(Short descriptive text snippets)

* * * *

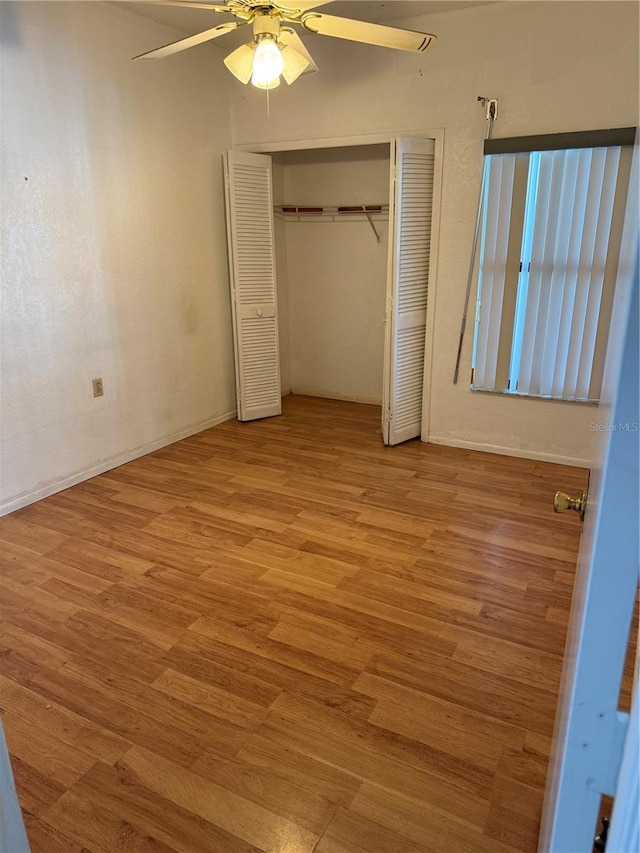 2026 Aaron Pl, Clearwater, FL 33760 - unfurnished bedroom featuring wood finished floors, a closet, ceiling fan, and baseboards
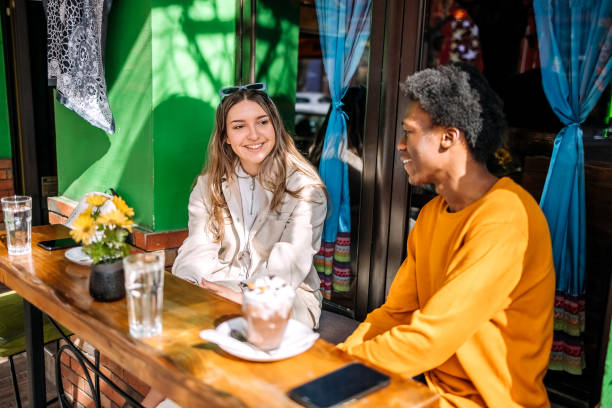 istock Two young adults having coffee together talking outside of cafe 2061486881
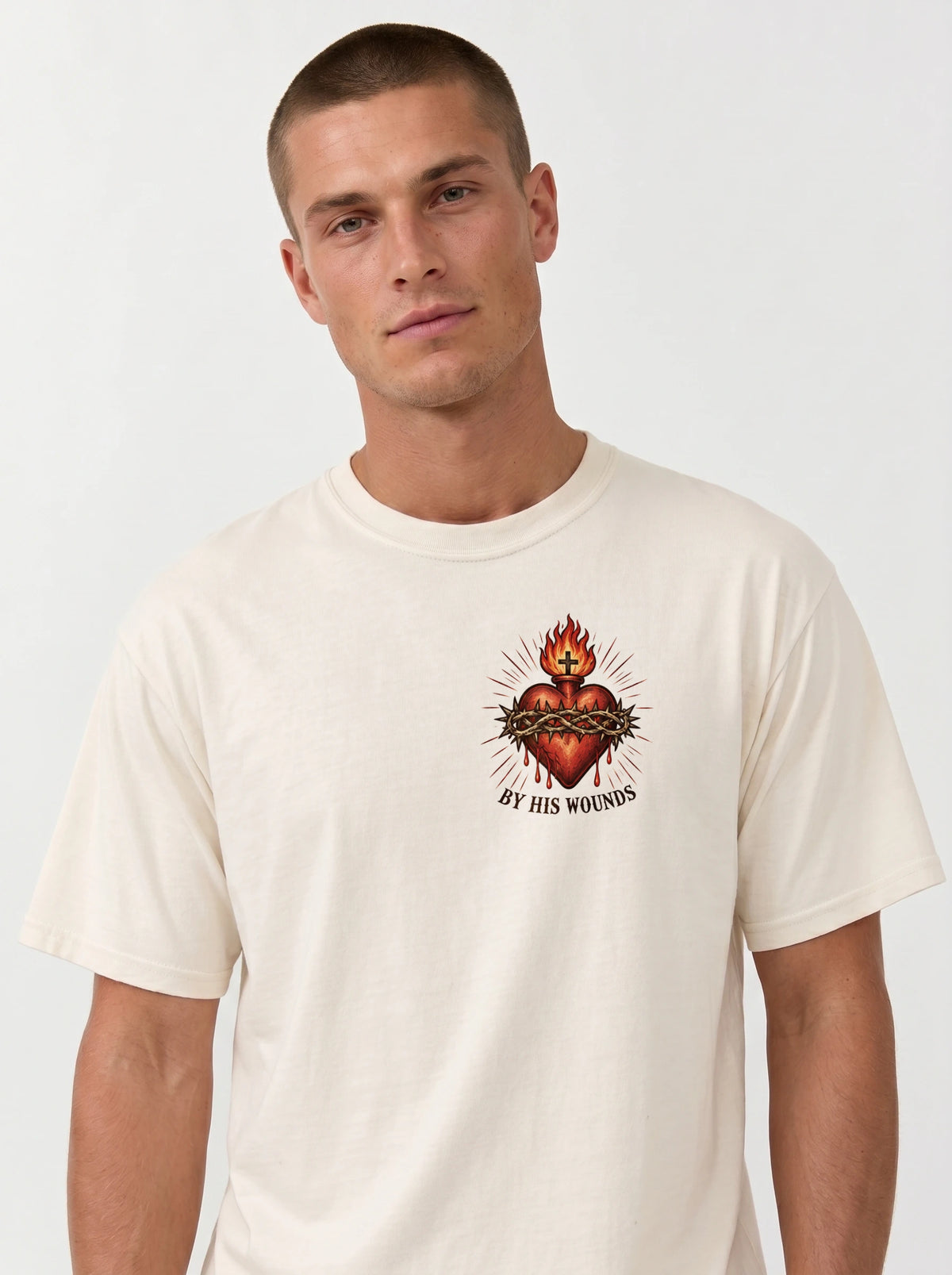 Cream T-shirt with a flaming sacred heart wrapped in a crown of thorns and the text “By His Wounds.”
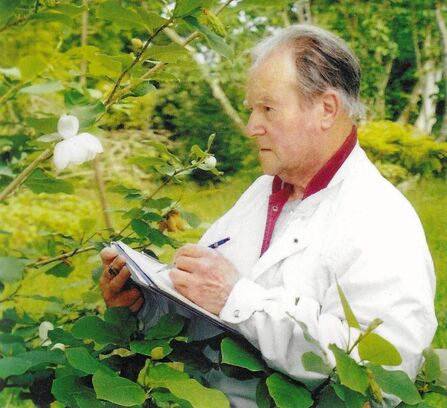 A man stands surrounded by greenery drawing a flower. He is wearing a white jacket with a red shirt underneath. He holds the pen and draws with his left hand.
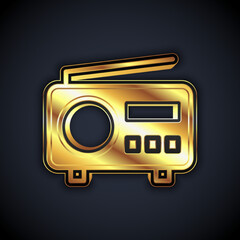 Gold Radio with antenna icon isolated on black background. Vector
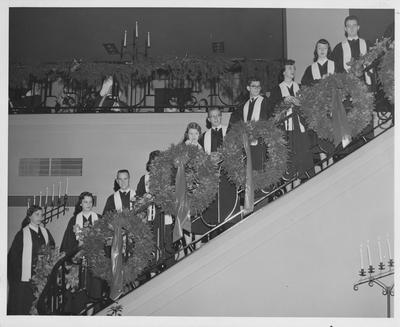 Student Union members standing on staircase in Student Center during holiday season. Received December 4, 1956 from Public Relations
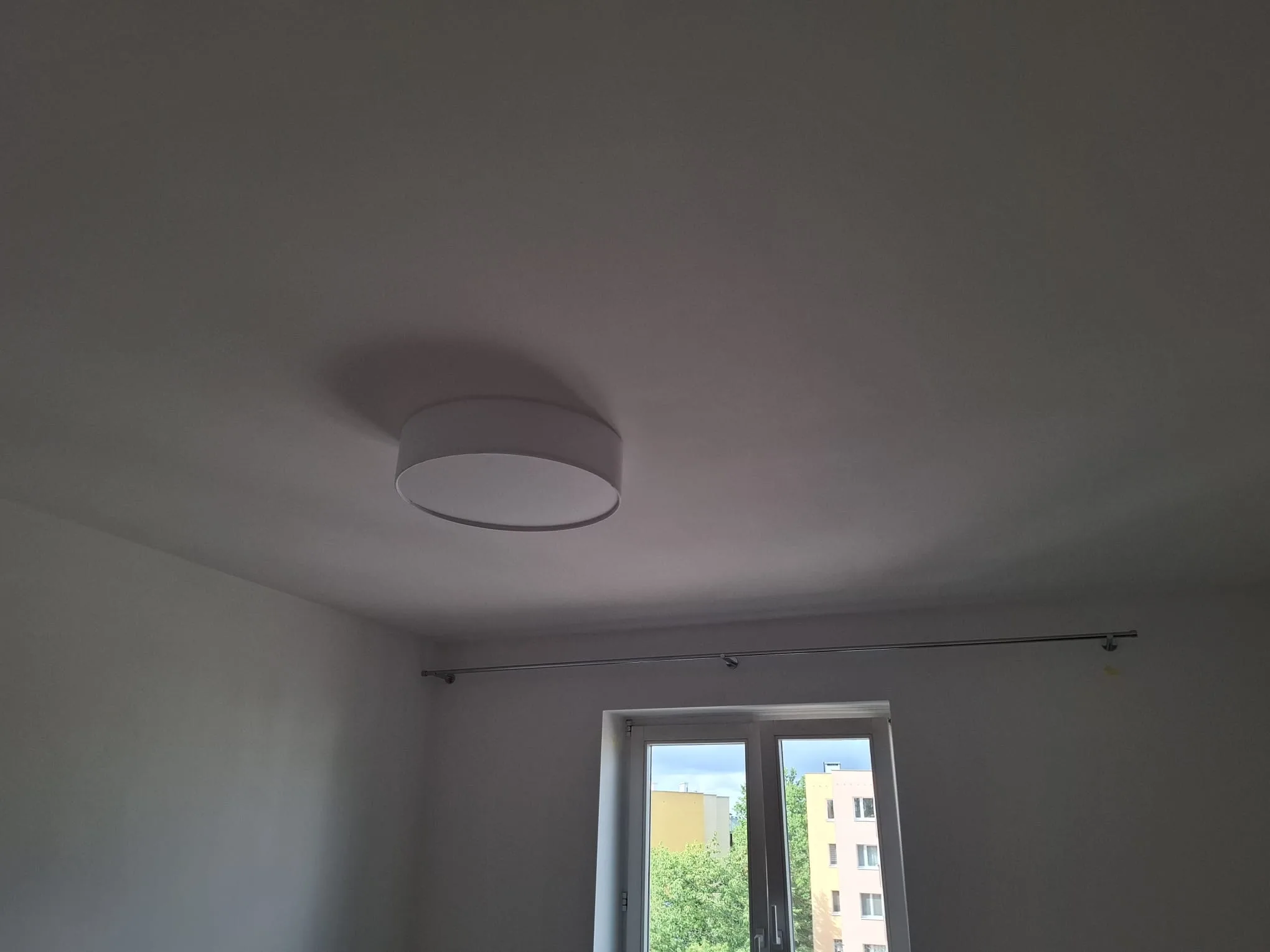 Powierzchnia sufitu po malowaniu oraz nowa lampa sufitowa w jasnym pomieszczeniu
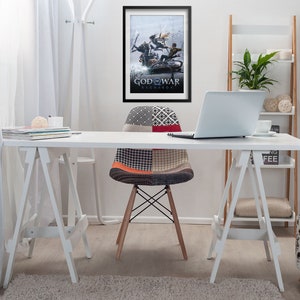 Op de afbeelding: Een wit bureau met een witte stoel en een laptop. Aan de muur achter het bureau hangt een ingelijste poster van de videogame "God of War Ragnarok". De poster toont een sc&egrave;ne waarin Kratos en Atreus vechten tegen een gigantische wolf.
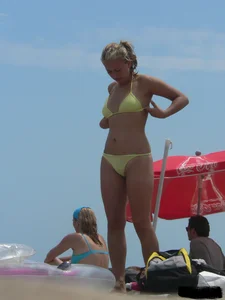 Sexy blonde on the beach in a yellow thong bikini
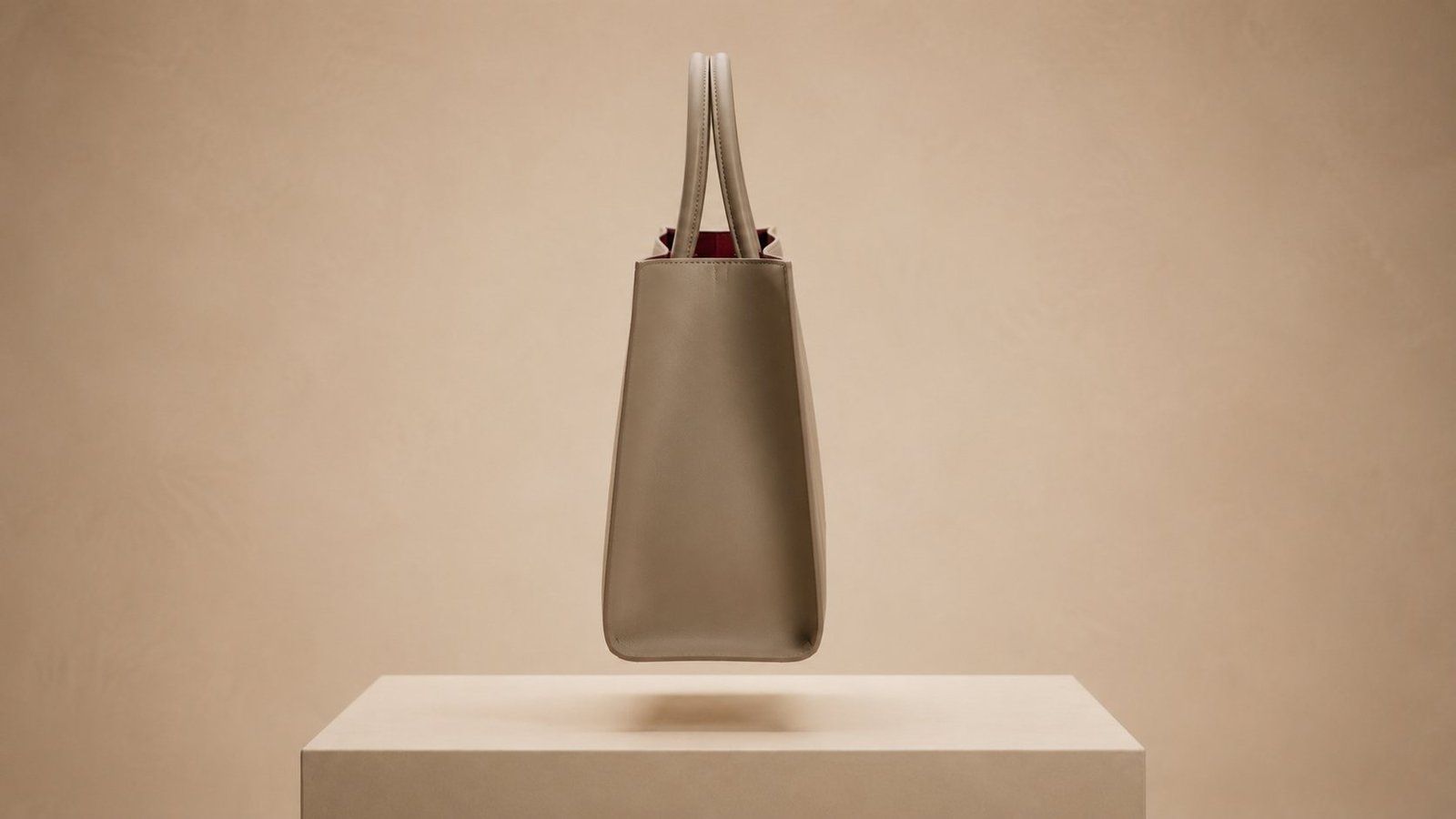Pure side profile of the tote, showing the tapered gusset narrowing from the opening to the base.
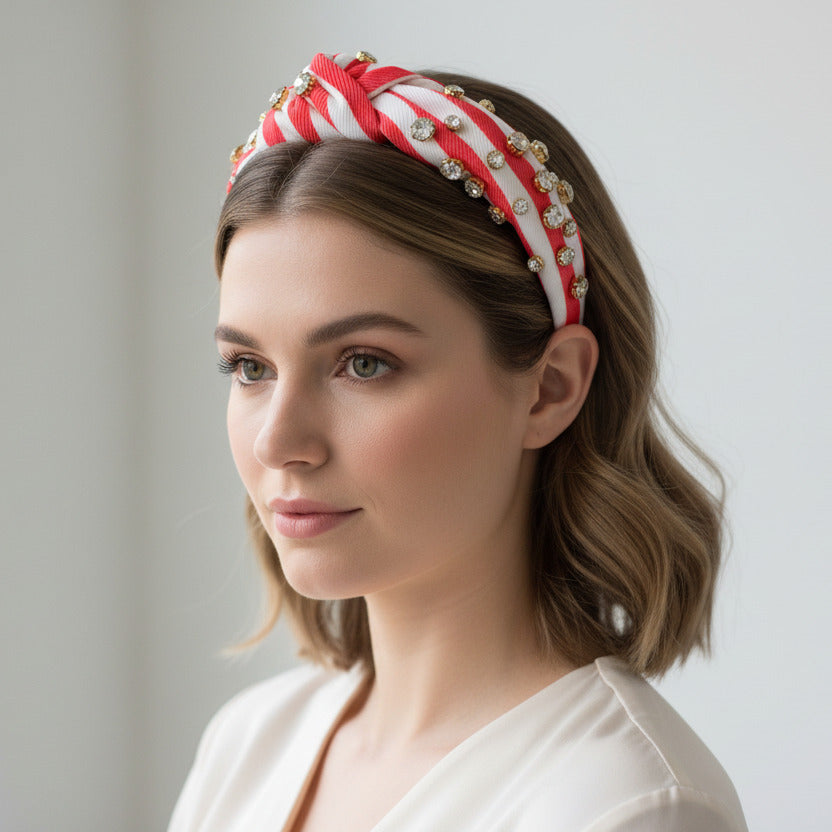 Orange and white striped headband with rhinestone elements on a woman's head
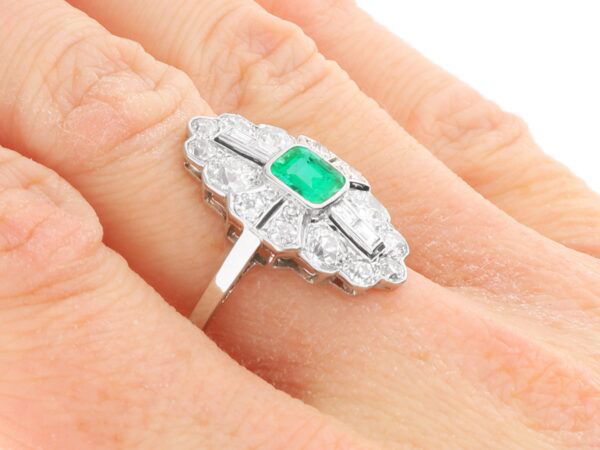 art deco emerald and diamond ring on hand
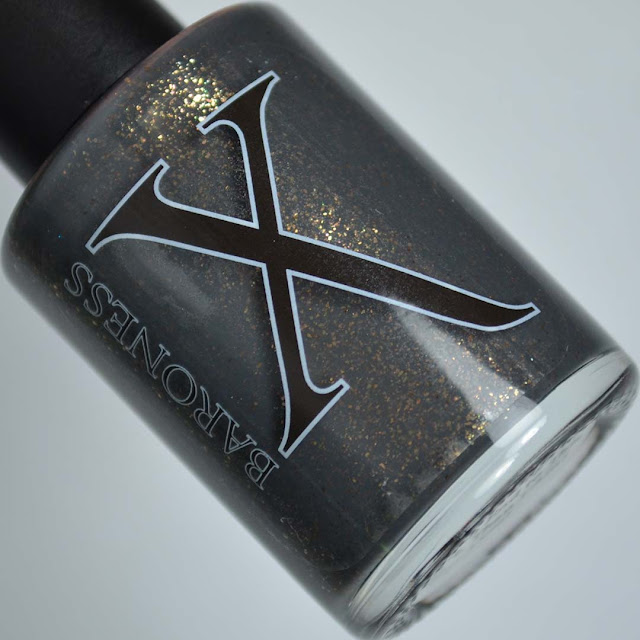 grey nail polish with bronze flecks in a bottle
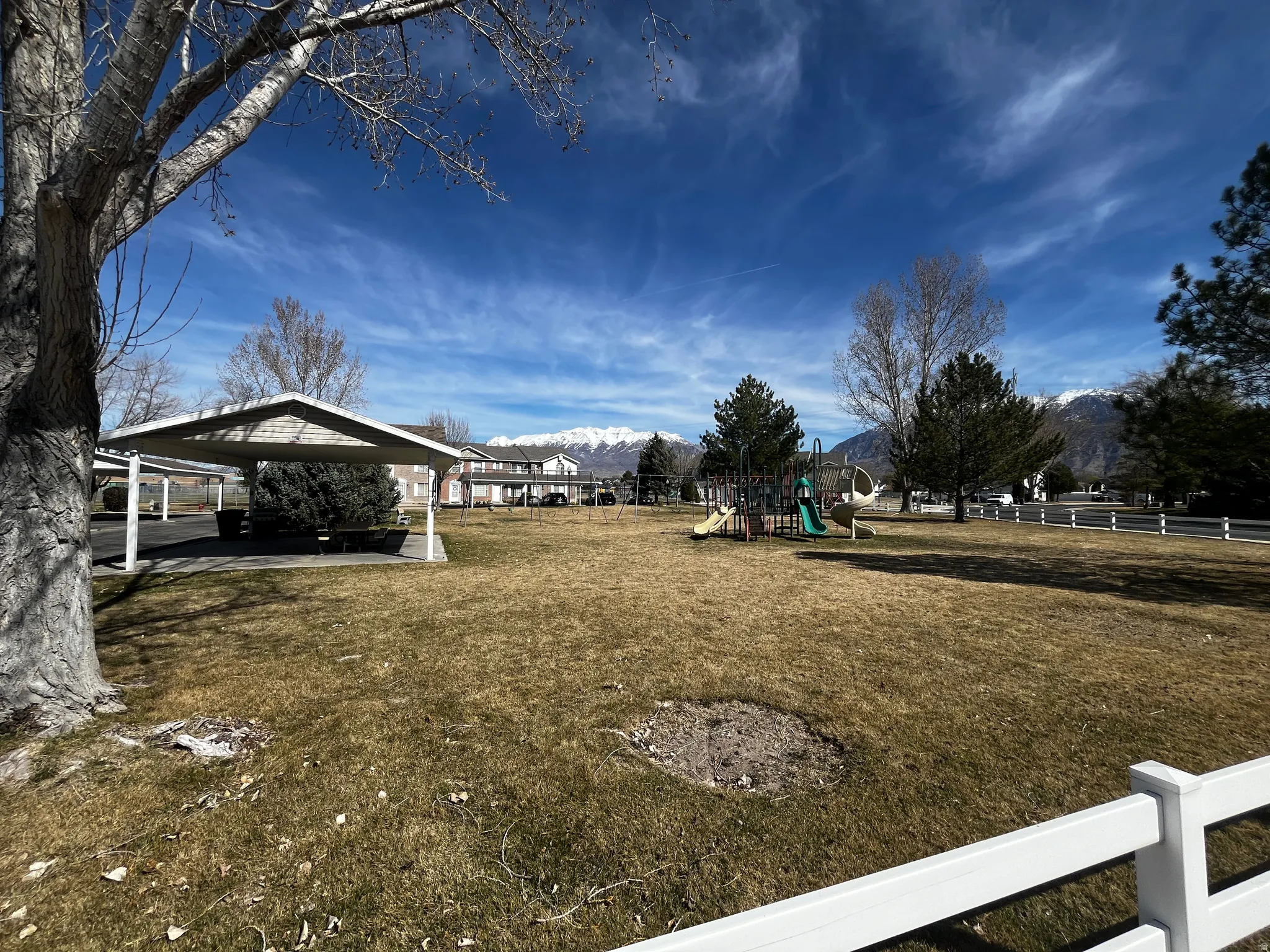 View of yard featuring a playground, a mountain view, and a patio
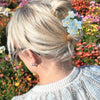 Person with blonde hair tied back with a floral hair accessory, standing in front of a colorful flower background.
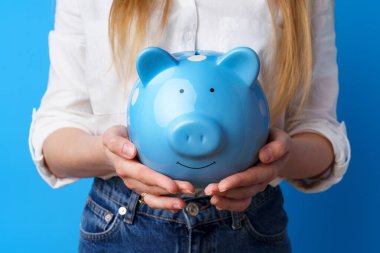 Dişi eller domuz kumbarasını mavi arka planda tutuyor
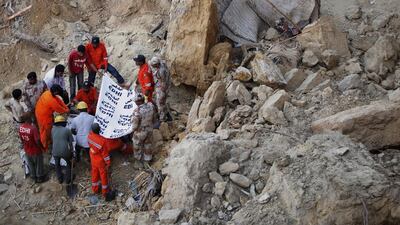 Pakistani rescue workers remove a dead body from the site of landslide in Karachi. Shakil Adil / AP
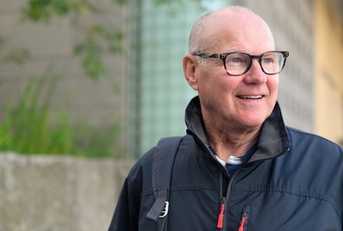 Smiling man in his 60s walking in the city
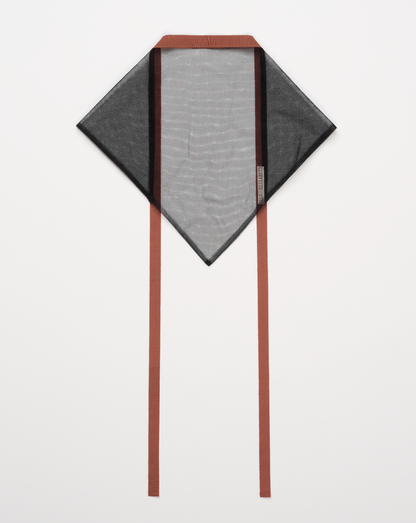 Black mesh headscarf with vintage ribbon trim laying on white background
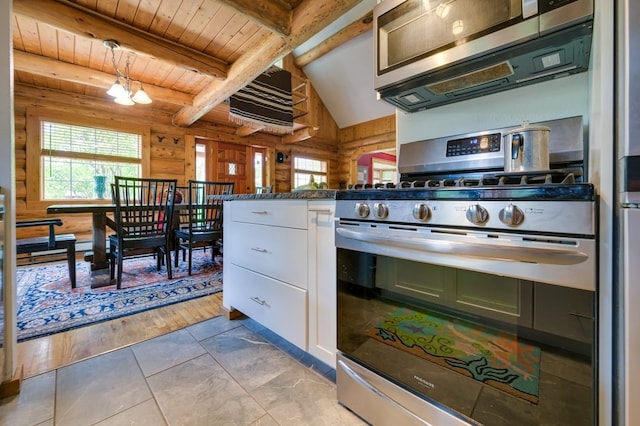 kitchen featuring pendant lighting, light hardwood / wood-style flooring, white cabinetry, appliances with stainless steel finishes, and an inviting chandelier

* * * *

### Work task
Every line from the one bearing "Person with blonde" through the end of the data above must be output exactly, and no picture may appear.

### Output below
 Person with blonde hair tied back with a floral hair accessory, standing in front of a colorful flower background.
 Dişi eller domuz kumbarasını mavi arka planda tutuyor
 Pakistani rescue workers remove a dead body from the site of landslide in Karachi. Shakil Adil / AP
 Smiling man in his 60s walking in the city
 Black mesh headscarf with vintage ribbon trim laying on white background
 kitchen featuring pendant lighting, light hardwood / wood-style flooring, white cabinetry, appliances with stainless steel finishes, and an inviting chandelier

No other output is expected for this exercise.